Then you must create a folder in Goole drive named "R" to install all packages permanently. Before installing R-package in Python runtime. You have to mount Google Drive and follow on-screen instruction:

In [None]:
from google.colab import drive
drive.mount('/content/drive')

Mounted at /content/drive


## Check and Install Required R Packages

In this exercise, we will use the following R-packages:

1.   [readxl](https://readxl.tidyverse.org/): to read MS **Excel** file.  usually comes with [tidyverse](https://www.tidyverse.org/)
2. [writexl](https://docs.ropensci.org/writexl/):Portable, light-weight data frame to xlsx exporter based on libxlsxwriter. No Java or Excel required.
3.  [rjson](https://github.com/alexcb/rjson): to read **.json** file
4.  [foreign](https://cran.r-project.org/web/packages/foreign/index.html): to read data stored by **Minitab**, **S**, **SAS**, **SPSS**, **Stata**, **Systat**, **dBase**, and so forth.
5.  [haven](https://haven.tidyverse.org/): read and write data from different statistical packages. It usually comes with [tidyverse](https://www.tidyverse.org/)

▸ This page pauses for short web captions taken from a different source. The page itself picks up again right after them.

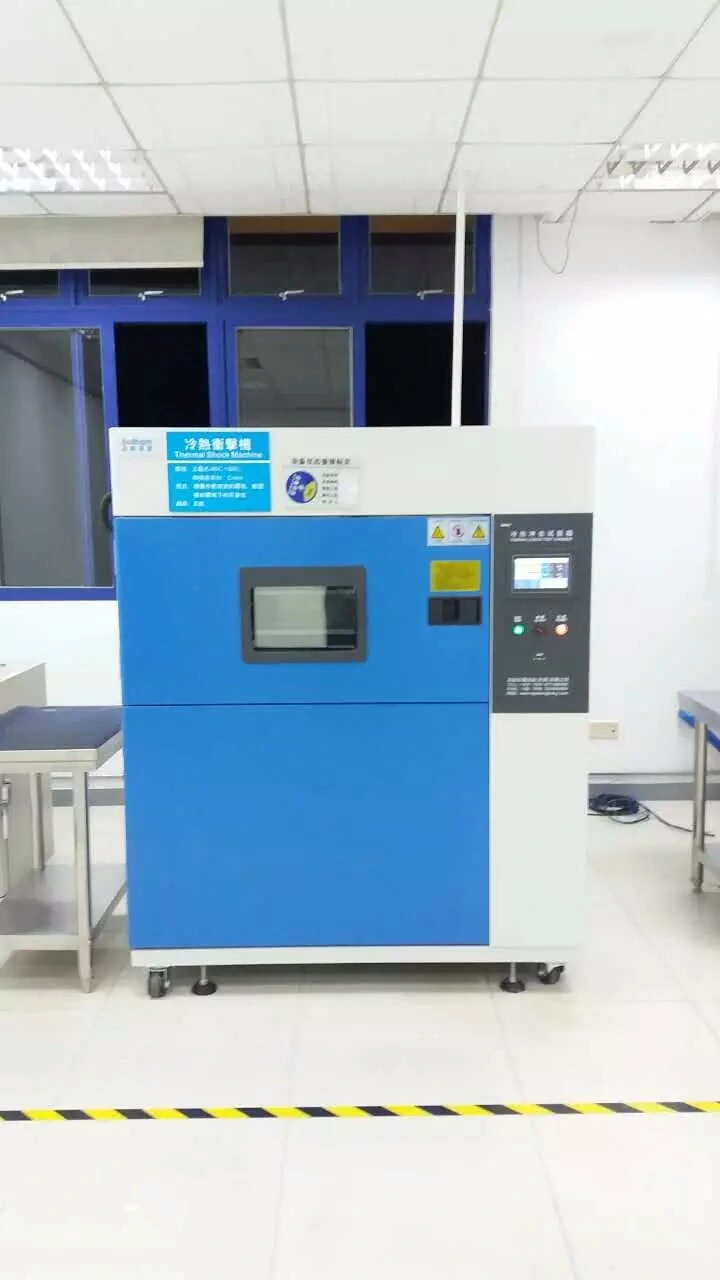 Lab High Low Temperature Thermal Shock Test Chamber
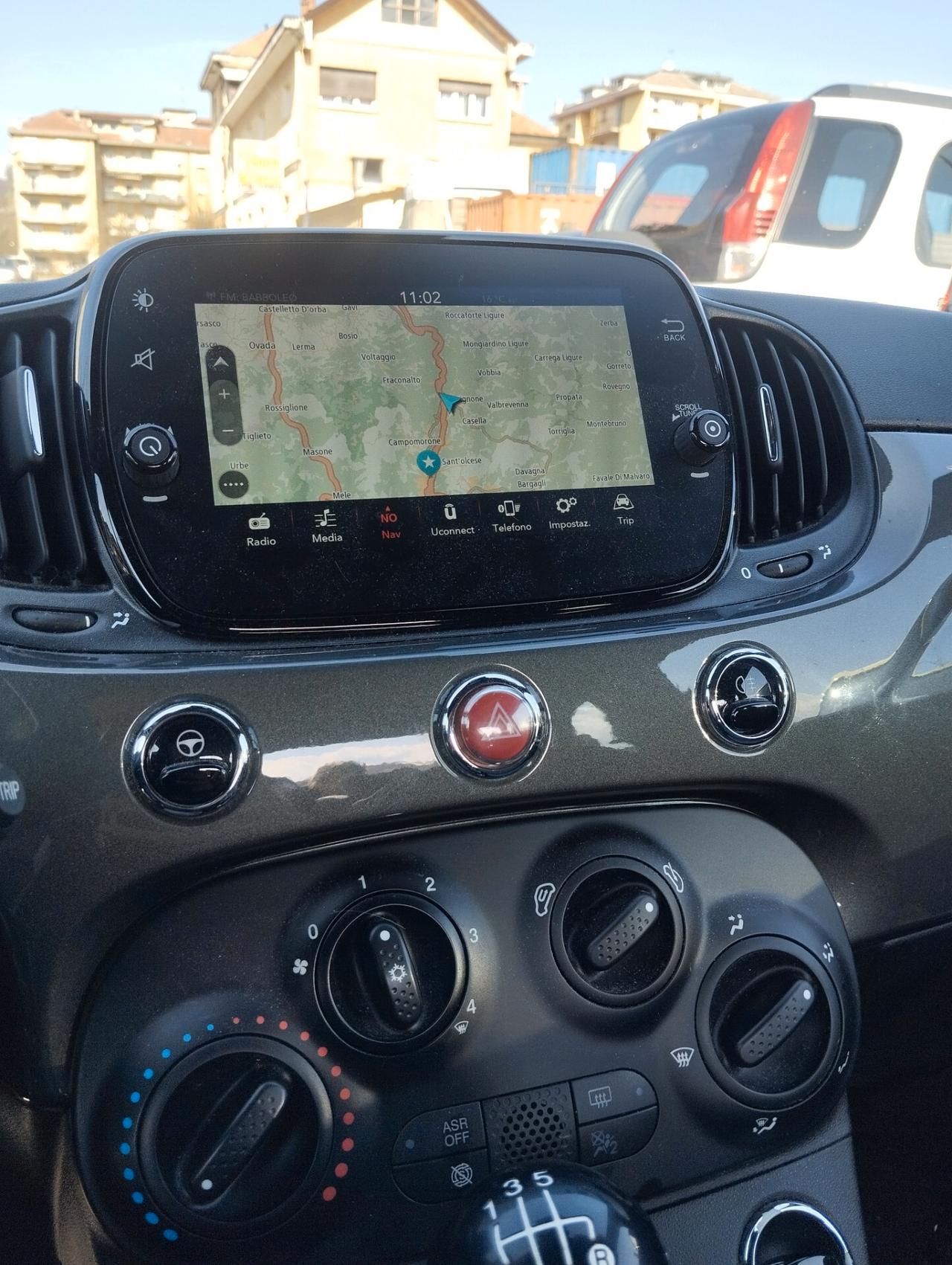 Fiat 500 1.0 Hybrid Rockstar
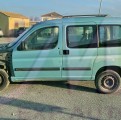 CITROEN BERLINGO 2.0 HDI 90CH BREAK VEHICULE RETOUR DE VOL A VENDRE ET VENTE PIECES DETACHEES OCCASION LATERAL GAUCHE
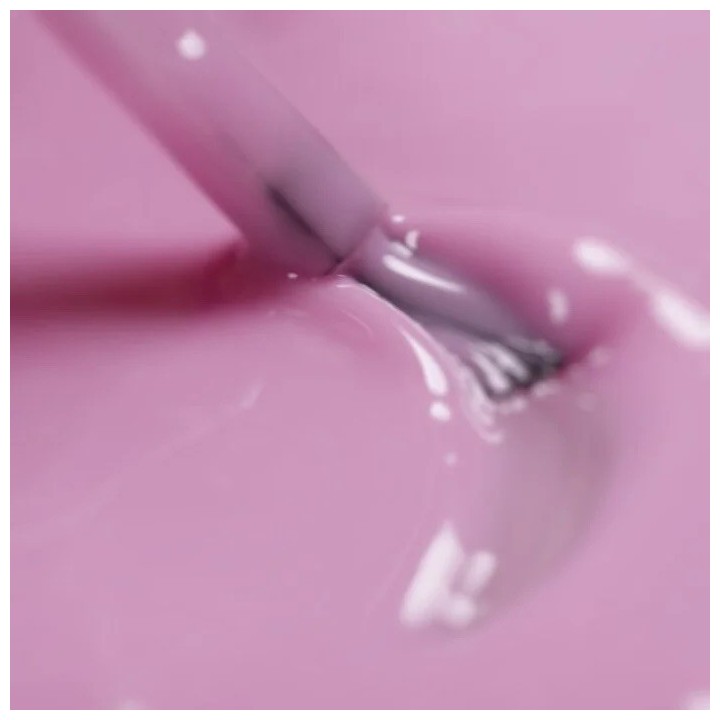 Rose Latte Top Clean Nails 7ml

### Install Required R Packages

In [None]:
%%R
packages <- c(
          'readxl',
          'writexl',
          'rjson',
          'foreign',
          'haven'
)

### Install Missing Packages

In [None]:
%%R
# Install missing packages
new.packages <- packages[!(packages %in% installed.packages(lib='drive/My Drive/R/')[,"Package"])]
if(length(new.packages)) install.packages(new.packages, lib='drive/My Drive/R/')

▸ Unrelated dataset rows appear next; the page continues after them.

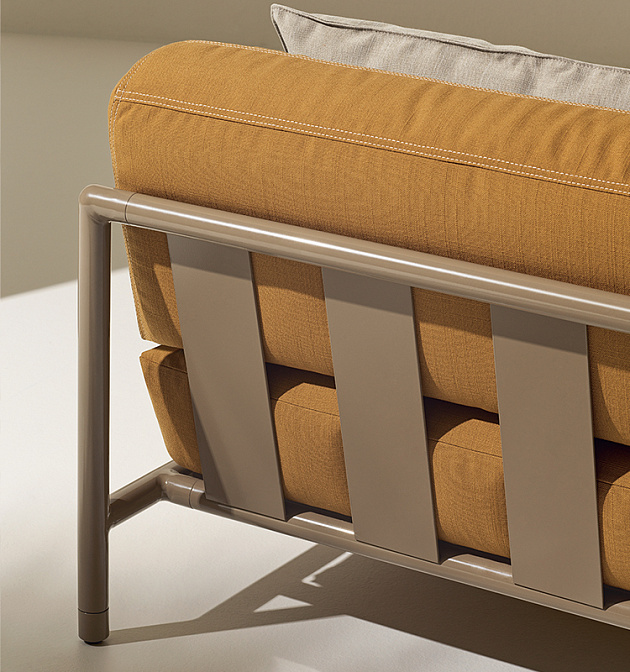 Кушетка для сада Ethimo Lodge - фото-2 | interior market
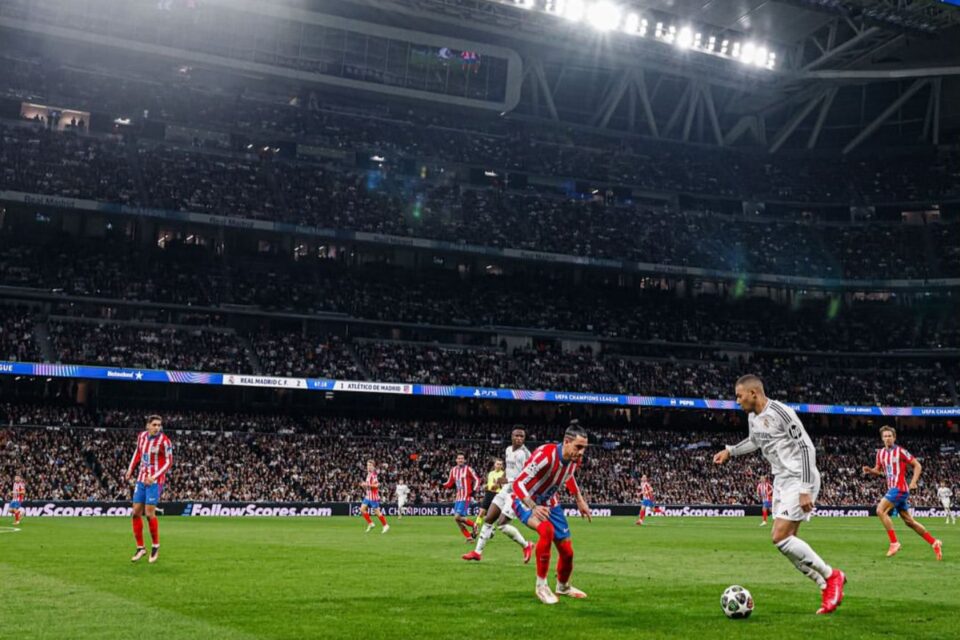 Mais quatros jogos acontecem nesta quarta pela Champions League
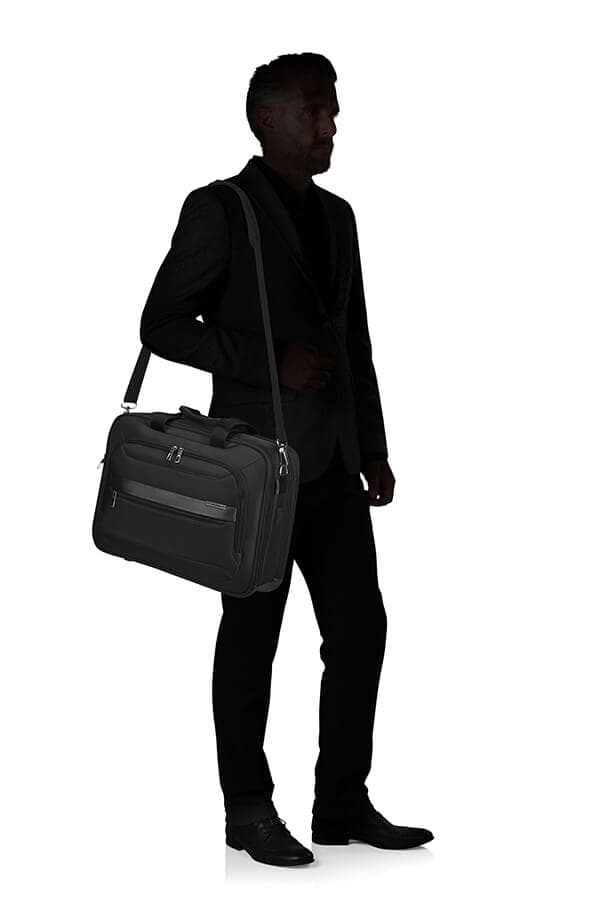 Сумка для ноутбука Samsonite CS3*006 Vectura Evo Laptop Bailhandle 15.6″ USB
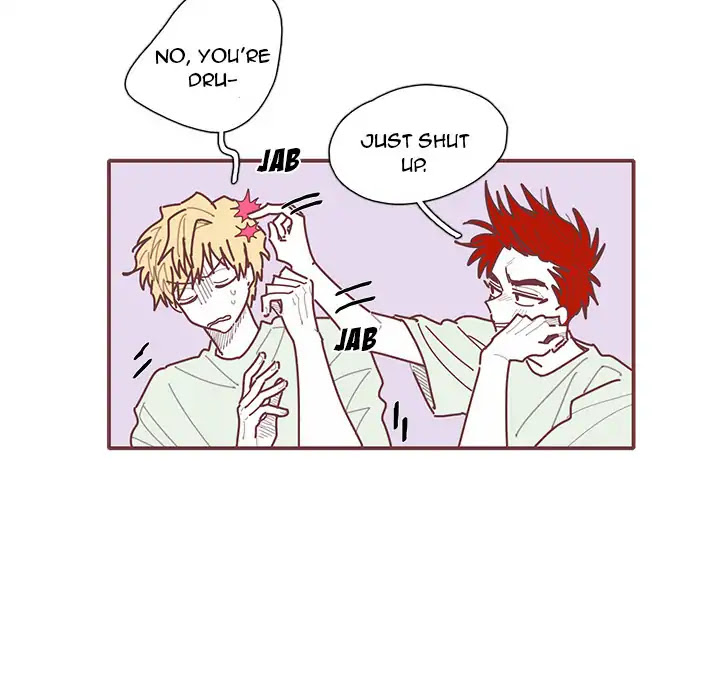 The Sound of Your Voice Chapter 34 page 84 - Chapter 34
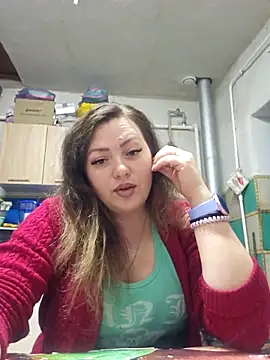 Snapshot of Jyleta chatting on March 4, 10:16 pm Jyleta online show from March 4, 10:16 pm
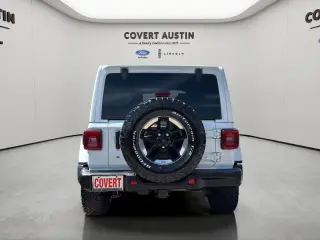 Jeep Wrangler Unlimited 2019 4x4 Rubicon 4p SUV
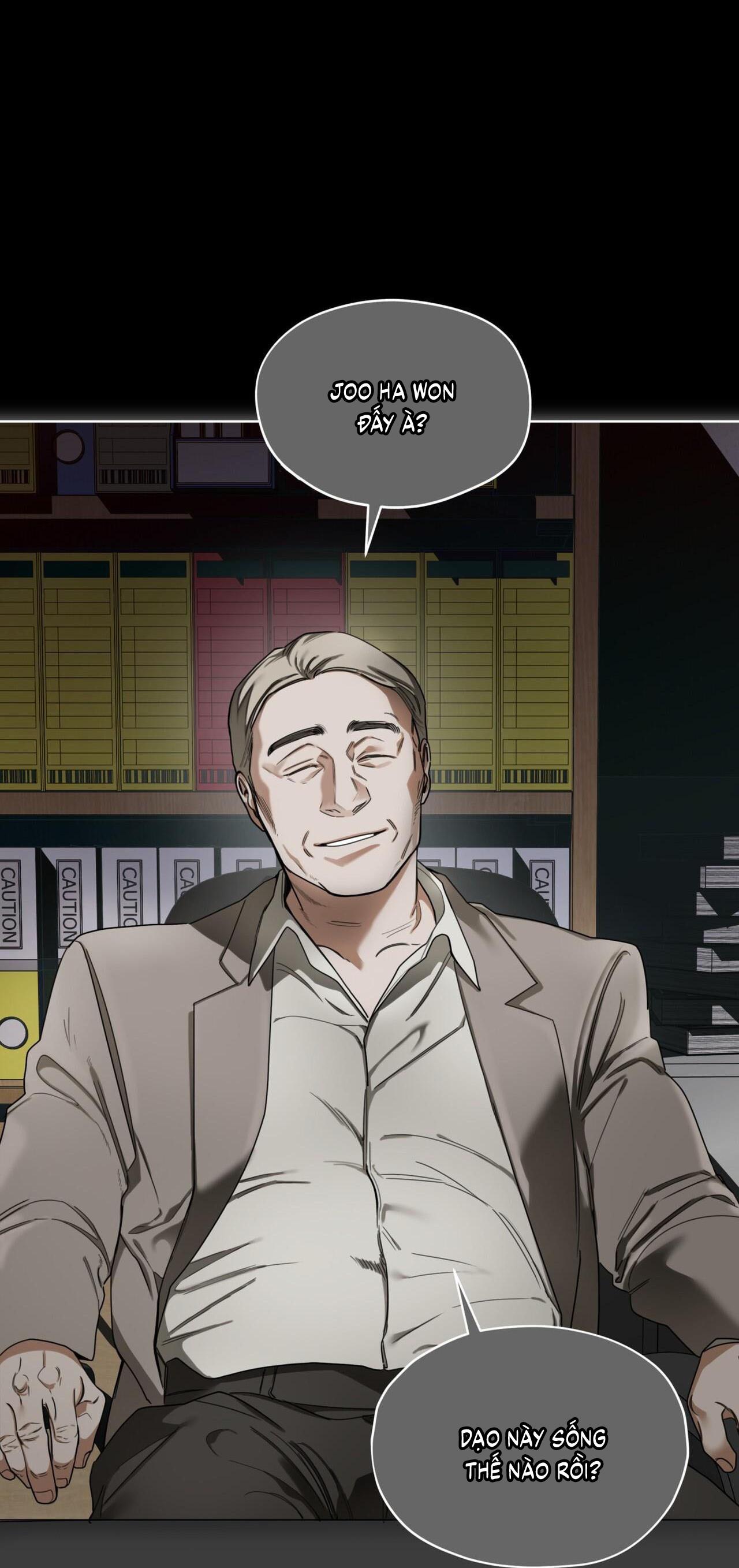 (CBunu) Phạm Luật Chapter 112 - Next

	‘/tmp/RtmpE6MXsx/downloaded_packages’



In [None]:
%%R
# set library path
.libPaths('drive/My Drive/R')
# Verify installation
cat("Installed packages:\n")
print(sapply(packages, requireNamespace, quietly = TRUE))

Installed packages:
 readxl writexl   rjson foreign   haven 
   TRUE    TRUE    TRUE    TRUE    TRUE 


### Load R-packages

In [None]:
%%R
# set library path
.libPaths('drive/My Drive/R')
# Load packages with suppressed messages
invisible(lapply(packages, function(pkg) {
  suppressPackageStartupMessages(library(pkg, character.only = TRUE))
}))
# Check loaded packages
cat("Successfully loaded packages:\n")
print(search()[grepl("package:", search())])# Check loaded packages


Successfully loaded packages:
 [1] "package:haven"     "package:foreign"   "package:rjson"    
 [4] "package:writexl"   "package:readxl"    "package:tools"    
 [7] "package:stats"     "package:graphics"  "package:grDevices"
[10] "package:utils"     "package:datasets"  "package:methods"  
[13] "package:base"     


## Data


All data set use in this exercise can be downloaded from my [Dropbox](https://www.dropbox.com/scl/fo/fohioij7h503duitpl040/h?rlkey=3voumajiklwhgqw75fe8kby3o&dl=0) or from my [Github](https://github.com/zia207/r-colab/tree/main/Data/R_Beginners) accounts.

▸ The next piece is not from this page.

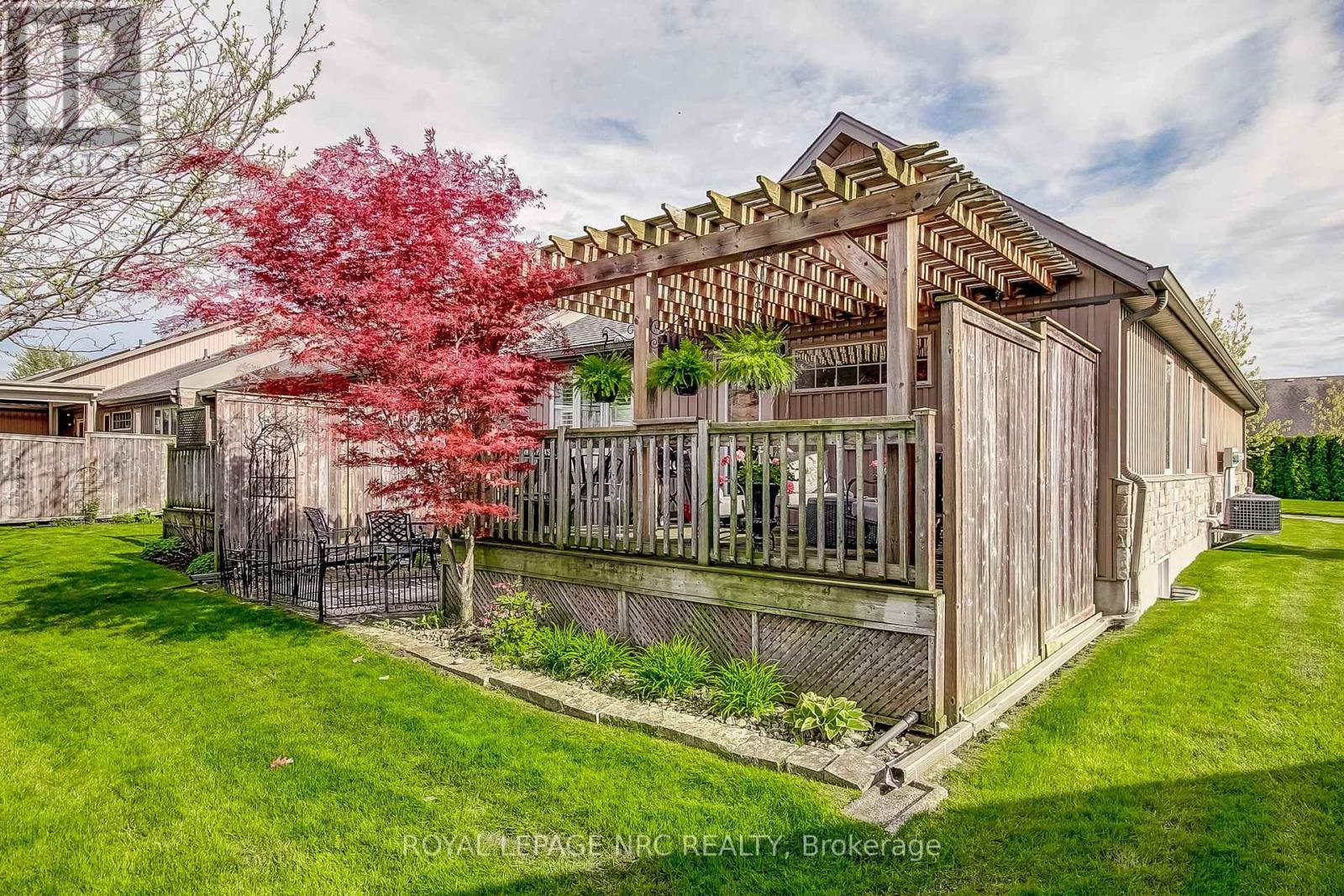 5 Rose Glen Crescent, Niagara-On-The-Lake, Ontario  L0S 1J0 - Photo 36 - X13480906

It would be best if you created a working directory in R to read and write files locally. The following example shows how to create the working directory in R.

Before creating a working directory, you may check the directory of your current R session; the function `getwd()` will print the current working directory path as a string.

If you want to change the working directory in R you just need to call the `setwd()` function, specifying as argument the path of the new working directory folder.

> setwd("F:\\R-Project")

> setwd("F:/R-Project")

Remember that you must use the forward slash `/` or double backslash `\\ in R! The Windows format of single backslash will not work.

The files under in a directory can check using `dir()` function

> dir()

## Data Import Into R

### Read Text File (.txt)

A `text file` is a type of computer file that contains only `plain text` — which means it includes letters, numbers, symbols, and spaces that can be read by humans and processed by computers. It doesn't include any special formatting like bold, italics, or images—just raw text.

Key points about text files:

- `File extension`: Usually ends in `.txt`
- `Editable with`: Any text editor (like Notepad, TextEdit`, VS Code, etc.)
- `Encoding`: Often uses encodings like `ASCII` or `UTF-8
- `Uses`:
  - Storing notes or data
  - Writing code (before saving with a specific programming extension)
  - Configuration files for software (like `.ini`, `.conf`, etc.)

Text files are often used for data storage and transfer because they are simple and widely supported. They can be easily created, edited, and read by both humans and machines. The easiest form of data to import into R is a simple text file. The primary function to import from a text file is `read.table()`.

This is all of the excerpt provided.